Sir John Churchill (c. 1620–1685), Master of the Rolls, was a 17th-century English lawyer and attorney-general. He was the son of Jasper Churchill of London, and grandson of Jasper Churchill of Bradford, Somerset, the great-grandfather of John Churchill, 1st Duke of Marlborough.
He should not be confused with his uncle John Churchill.

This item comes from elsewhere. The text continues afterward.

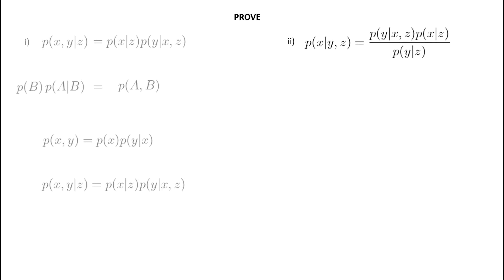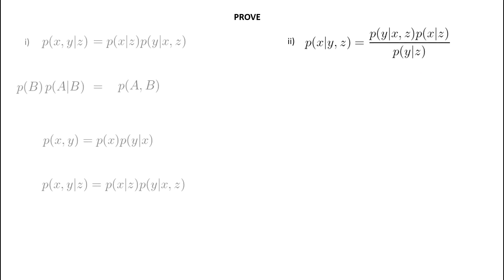Okay, so to tackle this, I will personally start on the left-hand side and use the rule we have already defined, and that was the probability of A given B is equal to the probability of A and B divided by the probability of B, as mentioned earlier. In this case, we will say, why don't we just pretend Z is always given and let X equal A and Y equal B?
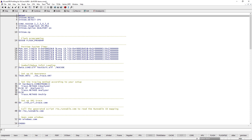This is done by calling a script. The script is available in the Trace32 demo directory as well as for download on the Lauterbach website, and supports AURIX as well as AURIX second generation Tricore processors with all MCDS variants.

He was admitted a student of Lincoln's Inn on 15 March 1639, and, having been called to the bar in 1647, practised in the Court of Chancery, where he acquired an extensive business. Roger North relates that he 'heard Sir John Churchill, a famous chancery practiser, say, that in his walk from Lincoln's Inn down to the Temple Hall, where (in the Lord Keeper Bridgman's time) causes and motions (out of term) were heard, he had taken with breviates, only for motions and defences for hastening and retarding hearings'.[1] It is to the credit of the Lord Keeper Guilford that he afterwards lopped off this 'limb of the motion practice.' Churchill was knighted on 16 August 1670, and appointed autumn reader at Lincoln's Inn in the same year.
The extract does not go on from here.